I understand. I kept everything in for 40 years, just started therapy a few months ago, and I feel like that a lot.
 
I find that often song lyrics can express what I cannot say or won't allow myself to say, or they do a good job of describing my feelings. Examples: "Every nerve in my body is so vacant and numb/I can't remember what it was I came here to get away from." -Bob Dylan, "Not Dark Yet."

"I'm staring at a stranger in the mirror
he's looking like a ghost in human form
that used to be my head
but the occupant has fled
Lord, where's the good man gone ?" -The Waterboys "Good Man Gone"

Might you want to try to look for song lyrics that convey your feelings? Sometimes I only feel my feelings when listening to music that reflects them. Sometimes it's just the music, not even the lyrics that connect to my feelings.
 
That is all so understandable. When trauma happens it is normal for the language part of your brain to shut down. So when you attempt to go there again words are not easy to find. Try coloring, drawing....don't try to "draw anything specific"...but is there a color that speaks to you or a shape or just scribble. Sometimes for me just scribbling or using hands in paint helps move some things out and words come a little easier. Sounds like you are doing an awesome job with exercise, aroma to keep yourself grounded.

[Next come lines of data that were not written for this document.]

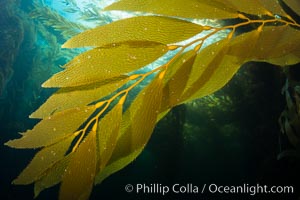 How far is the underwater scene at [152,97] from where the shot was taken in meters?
0.60

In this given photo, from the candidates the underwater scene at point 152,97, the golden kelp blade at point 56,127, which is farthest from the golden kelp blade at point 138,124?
the golden kelp blade at point 56,127

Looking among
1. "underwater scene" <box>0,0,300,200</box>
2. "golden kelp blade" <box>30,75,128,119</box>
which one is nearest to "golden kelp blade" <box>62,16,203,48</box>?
"underwater scene" <box>0,0,300,200</box>

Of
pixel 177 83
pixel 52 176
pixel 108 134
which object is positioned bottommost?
pixel 52 176

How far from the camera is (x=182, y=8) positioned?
2.09 ft

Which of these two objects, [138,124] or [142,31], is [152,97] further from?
[142,31]

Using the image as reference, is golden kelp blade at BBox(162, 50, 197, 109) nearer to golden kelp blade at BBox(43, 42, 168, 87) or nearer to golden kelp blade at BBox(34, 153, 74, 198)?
golden kelp blade at BBox(43, 42, 168, 87)

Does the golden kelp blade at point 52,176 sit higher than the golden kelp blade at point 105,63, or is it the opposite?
the golden kelp blade at point 105,63

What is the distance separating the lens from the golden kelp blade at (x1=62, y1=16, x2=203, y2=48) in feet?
2.02

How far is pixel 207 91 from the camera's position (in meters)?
0.64

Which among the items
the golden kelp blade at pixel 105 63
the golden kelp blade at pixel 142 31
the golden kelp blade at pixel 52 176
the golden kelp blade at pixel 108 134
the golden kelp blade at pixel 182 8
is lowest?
the golden kelp blade at pixel 52 176

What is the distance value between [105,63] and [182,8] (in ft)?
0.81

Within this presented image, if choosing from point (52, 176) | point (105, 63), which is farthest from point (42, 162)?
point (105, 63)

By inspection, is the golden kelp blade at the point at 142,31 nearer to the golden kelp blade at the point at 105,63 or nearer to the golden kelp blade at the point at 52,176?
the golden kelp blade at the point at 105,63

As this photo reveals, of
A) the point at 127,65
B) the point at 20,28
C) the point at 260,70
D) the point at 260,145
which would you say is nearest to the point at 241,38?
the point at 127,65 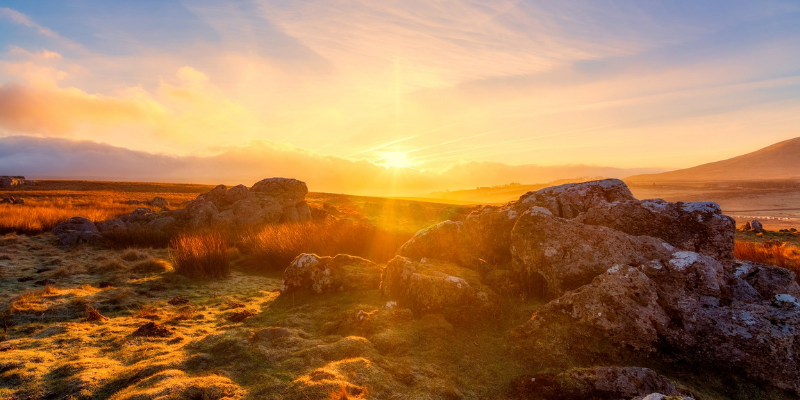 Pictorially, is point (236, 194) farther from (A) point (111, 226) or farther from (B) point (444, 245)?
(B) point (444, 245)

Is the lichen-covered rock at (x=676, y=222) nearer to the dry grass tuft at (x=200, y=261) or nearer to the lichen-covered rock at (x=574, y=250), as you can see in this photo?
the lichen-covered rock at (x=574, y=250)

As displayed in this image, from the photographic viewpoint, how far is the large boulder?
394 centimetres

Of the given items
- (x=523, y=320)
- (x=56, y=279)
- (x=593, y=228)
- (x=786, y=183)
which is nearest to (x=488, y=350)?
(x=523, y=320)

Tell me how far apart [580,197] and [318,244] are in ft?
27.1

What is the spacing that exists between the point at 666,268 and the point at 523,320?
2.12 metres

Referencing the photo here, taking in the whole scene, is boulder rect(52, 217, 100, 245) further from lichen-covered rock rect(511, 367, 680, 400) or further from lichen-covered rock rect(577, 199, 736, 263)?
lichen-covered rock rect(577, 199, 736, 263)

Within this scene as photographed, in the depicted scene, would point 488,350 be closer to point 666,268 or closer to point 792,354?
point 666,268

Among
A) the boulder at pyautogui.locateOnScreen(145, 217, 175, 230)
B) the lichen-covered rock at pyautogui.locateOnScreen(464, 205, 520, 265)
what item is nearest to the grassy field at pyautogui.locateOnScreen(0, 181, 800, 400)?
the lichen-covered rock at pyautogui.locateOnScreen(464, 205, 520, 265)

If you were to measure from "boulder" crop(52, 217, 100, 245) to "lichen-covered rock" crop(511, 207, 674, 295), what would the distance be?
15.3m

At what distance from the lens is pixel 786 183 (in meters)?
44.8

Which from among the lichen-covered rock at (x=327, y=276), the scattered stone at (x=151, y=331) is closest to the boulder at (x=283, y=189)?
the lichen-covered rock at (x=327, y=276)

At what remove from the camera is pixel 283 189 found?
20.0m

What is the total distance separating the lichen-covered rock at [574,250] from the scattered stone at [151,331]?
595 centimetres

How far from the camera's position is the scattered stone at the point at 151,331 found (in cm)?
521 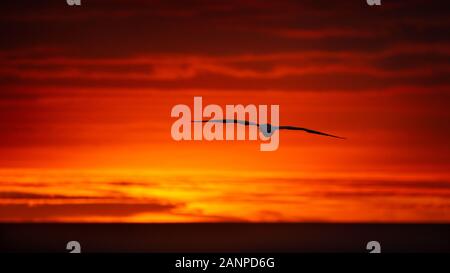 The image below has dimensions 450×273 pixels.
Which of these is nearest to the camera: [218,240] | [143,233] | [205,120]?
[205,120]

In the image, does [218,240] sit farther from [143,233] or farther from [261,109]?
[261,109]

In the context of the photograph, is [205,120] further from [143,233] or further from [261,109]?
[143,233]

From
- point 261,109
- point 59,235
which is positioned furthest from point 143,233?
point 261,109

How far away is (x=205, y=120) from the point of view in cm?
1678

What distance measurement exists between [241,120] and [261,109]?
0.75 metres

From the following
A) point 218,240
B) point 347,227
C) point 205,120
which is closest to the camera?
point 205,120

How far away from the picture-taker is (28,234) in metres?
37.2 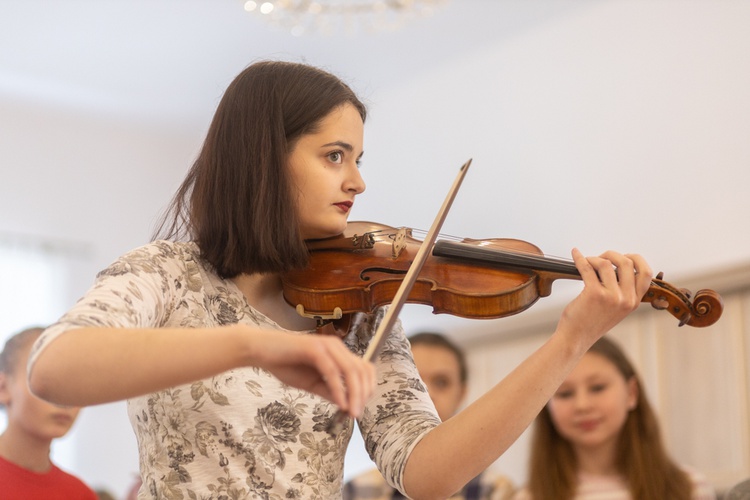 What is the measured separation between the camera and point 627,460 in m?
2.45

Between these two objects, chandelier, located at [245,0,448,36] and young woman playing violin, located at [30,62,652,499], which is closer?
young woman playing violin, located at [30,62,652,499]

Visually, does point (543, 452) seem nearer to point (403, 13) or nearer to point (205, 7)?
point (403, 13)

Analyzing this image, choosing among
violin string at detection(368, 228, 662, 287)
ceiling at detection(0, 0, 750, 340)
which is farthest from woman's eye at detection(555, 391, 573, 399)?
violin string at detection(368, 228, 662, 287)

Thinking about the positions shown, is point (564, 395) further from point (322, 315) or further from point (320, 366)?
point (320, 366)

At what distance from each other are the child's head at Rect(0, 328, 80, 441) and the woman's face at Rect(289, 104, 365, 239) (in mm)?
679

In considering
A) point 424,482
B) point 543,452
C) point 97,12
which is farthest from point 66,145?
point 424,482

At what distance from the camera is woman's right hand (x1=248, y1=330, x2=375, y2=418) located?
2.75 feet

I so understand wanting to "figure" it out, move on...unfortunately it does not work like that....I used to be so in my head trying to figure it out and when I started using art I found a way to connect emotion to it and express what there were/are no words for.
Not sure any of this makes sense...just know that you are not alone. Keep trying to care for yourself....and it is ok to say...i am struggling...even if that is all you can say to your T right now that is ok.
 
That is all so understandable. When trauma happens it is normal for the language part of your brain to sh...
Great suggestion, Joan. I've tried that in the past but my inner critic tells me I can't draw a straight line with a ruler! Even grown-up coloring books don't work because I get so anxious trying to stay in the lines!

Still, I know many people for whom art therapy has been awesome.
 
That is all so understandable. When trauma happens it is normal for the language part of your brain to sh...
I am an incredibly creative person so I actually have a vision in my head of what I want to draw so I guess I just need to get it out. It doesn't explain anything really it just is a big mess right now but at least I could see that mess on paper and maybe attach to it somehow.